Персональный миф о создателе Джоконды демонстрирует связь с важнейшими составляющими универсального флорентийского мифа: мотив прошлого, мотив сада, мотив цветка, кроме того, он, безусловно, может быть соотнесен с персональными мифами Данте, Анджелико и Боттичелли.

Мотив портрета в персональном мифе Леонардо оказывается и реальным, характеризующим конкретного человека, и фантастическим, передающим идею вечной жизни в городе цветов. Сам автор живописного полотна предстает и обыкновенным человеком, и художником, обладающим сверхъестественными возможностями, позволяющими запечатлеть жизнь в смерти, смерть в жизни.

Параграф № 7 «Мотивы костра и карнавала в персональном мифе о Джироламо Савонароле (1452 - 1498)» реконструирует причины востребованности образа флорентийского монаха в русской литературе. Савонарола воплощал дух средневековой Флоренции, родственный средневековому московскому духу. Его история неразрывно связана с такими мотивами универсального флорентийского мифа, как мотивы круга, башни и прошлого, в его персональный миф вошли мотивы костра и карнавала. В русской литературе у флорентийского монаха были и трагические, и комические двойники (монашеские образы лирики Ахматовой, Маруффи Д.С. Мережковского, монах А.Н. Майкова, Мюнхенский Купидон В.В. Розанова, паяц А.Н. Майкова). Русских авторов интересовал не только общественный резонанс жизни и смерти Савонаролы, но и личные качества флорентийского проповедника.

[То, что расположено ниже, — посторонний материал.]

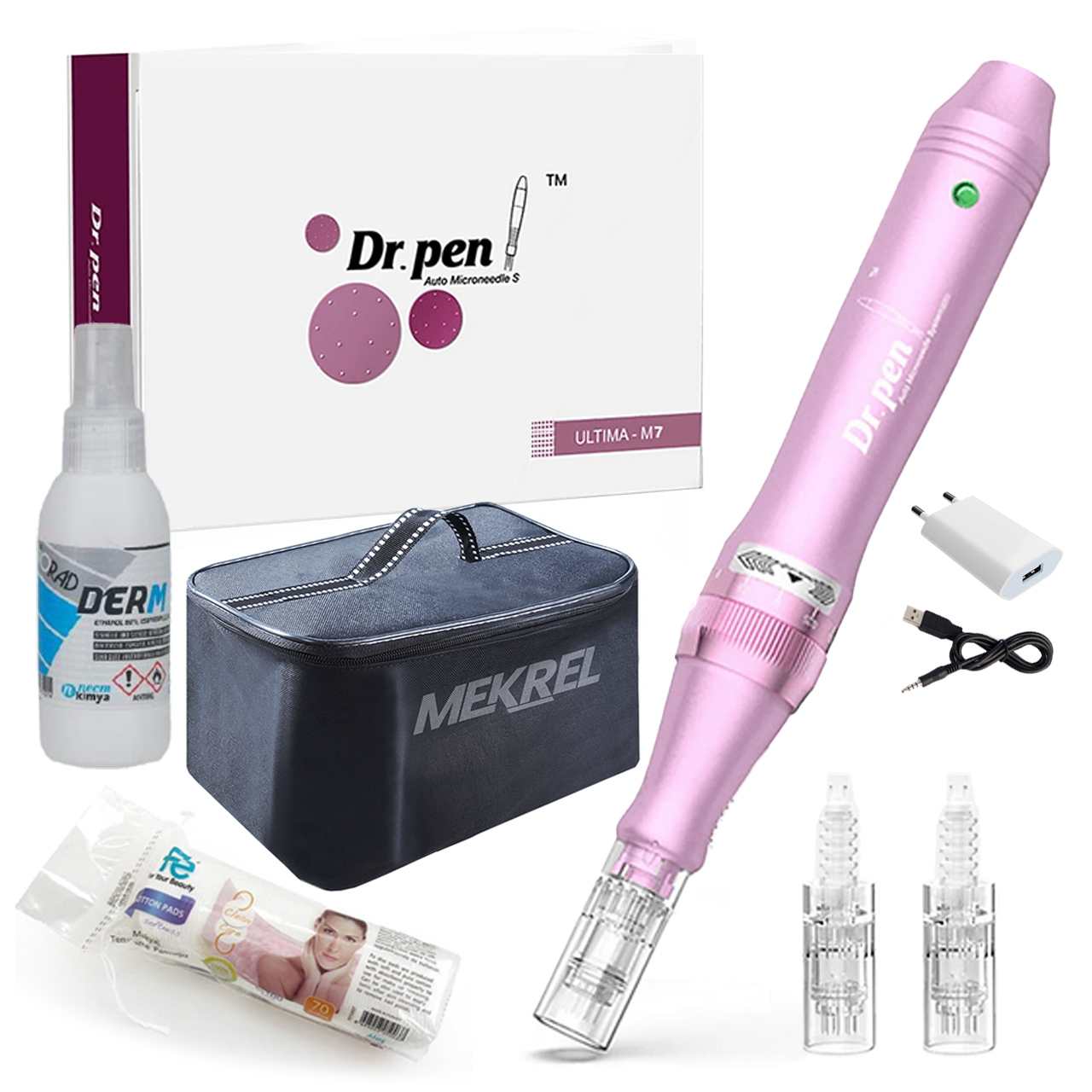 Dr. Pen M7-W Kablosuz Dermapen Cihazı BB Glow Kalıcı Makyaj Cihazı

Его образ можно назвать универсальным, объединяющим другие флорентийские персональные мифы. Он, как и Фра Беато, ратовал за аскетизм, выступал против излишеств, против прихотей, против вопиющего богатства, против искусства, ориентированного на воплощение перечисленных «пороков». Не надо забывать, что Савонарола, как и Фра Беато, принадлежал к доминиканскому ордену, который считался причастным к инквизиции. На мысли об инквизиции наводят и костры Савонаролы. В одном случае он был организатором сожжения «приманок неги и сует», а во втором случае на костре сожгли его самого, ревностного служителя христианской религии - точно так же, как на кострах уничтожали ведьм и еретиков. С одной стороны, в своем персональном мифе, созданном русской словесностью, он предстал злым духом, которому воздают по заслугам, а с другой стороны, несмотря на свой фанатизм - или благодаря своему фанатизму - он был одним из преданнейших сторонников истинной веры, за которую и взошел на костер.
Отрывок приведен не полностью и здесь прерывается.